Below the Gulf of Mexico, hydrocarbons flow upward through an intricate network of conduits and reservoirs. They start in thin layers of source rock and, from there, buoyantly rise to the surface. On their way up, the hydrocarbons collect in little rivulets, and create temporary pockets like rain filling a pond. Eventually most escape to the ocean. And, this is all happening now, not millions and millions of years ago, says Larry Cathles, a chemical geologist at Cornell University.

"We're dealing with this giant flow-through system where the hydrocarbons are generating now, moving through the overlying strata now, building the reservoirs now and spilling out into the ocean now," Cathles says.

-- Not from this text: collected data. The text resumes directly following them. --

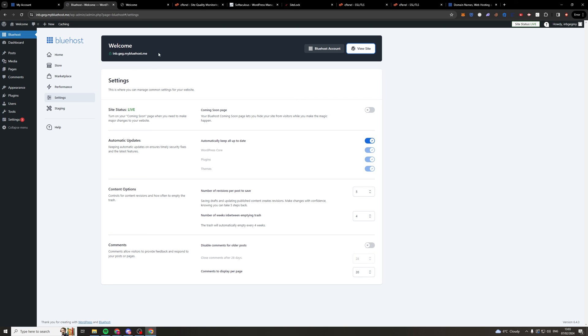And lastly if you want to actually get yourself 75% off your Bluehost hosting and a free domain, click the link in the top of the description and that will give you that offer. So thank you for watching I'll see you in the next video.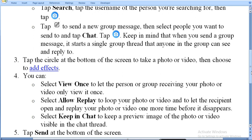You can select View Once to let the person or group receiving your photo or video only view it once. Select Allow Reply to loop your photo or video and to let the recipient open and reply to your photo or video one more time before it disappears. Select Keep in Chat to keep a preview image of the photo or video visible in the chat thread.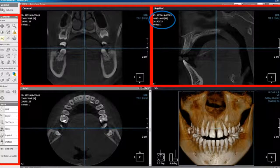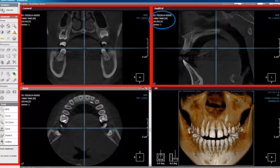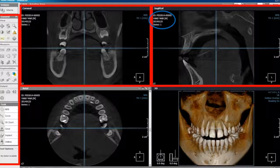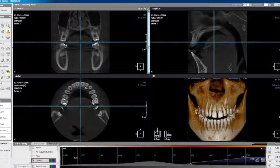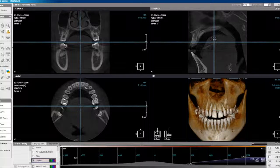Right of that is the sagittal plane. This plane displays a cut through the anatomy from medial to lateral, separating the left from the right. The sagittal plane view can be adjusted as previous.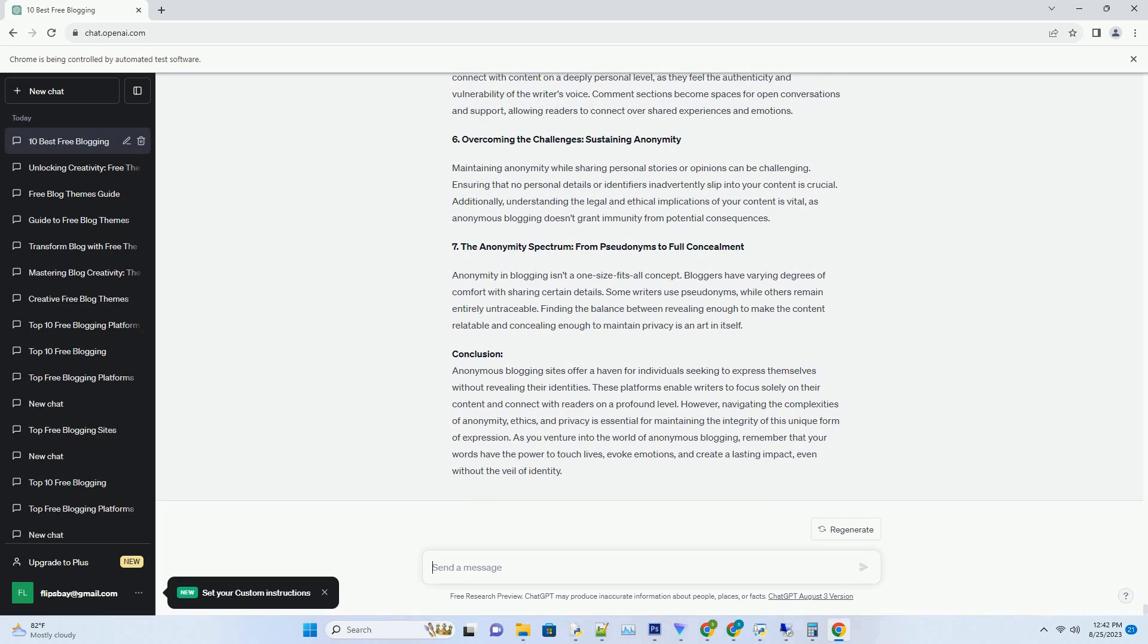As you navigate the digital blogging universe, remember that your blog's design is the gateway to captivating your audience, and with APK templates, that gateway is beautifully adorned and easily accessible.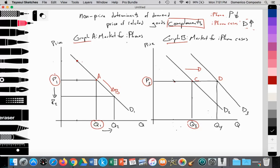As can be seen, we have two graphs, graph A and graph B, representing complementary goods. Graph A is the market for iPhones; graph B is the market for iPhone cases. On the x-axis for both graphs, we're measuring quantity, and on the y-axis, we're measuring price. We have three downward sloping demand curves — D1, D2, D3 — in accordance with the law of demand. In graph A, iPhones are priced at P1 with a quantity of demand at Q1 at point A. In the market for iPhone cases, we see a price of P3 with a quantity of demand on the D2 curve at Q3.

He's bringing this new view of an active hydrocarbon cycle to industry, hoping it will lead to larger oil and gas discoveries. By matching the chemical signatures of the oil and gas with geologic models for the structures below the seafloor, petroleum geologists could tap into reserves larger than the North Sea, says Cathles, who presented his findings at the meeting of the American Chemical Society in New Orleans on March 27.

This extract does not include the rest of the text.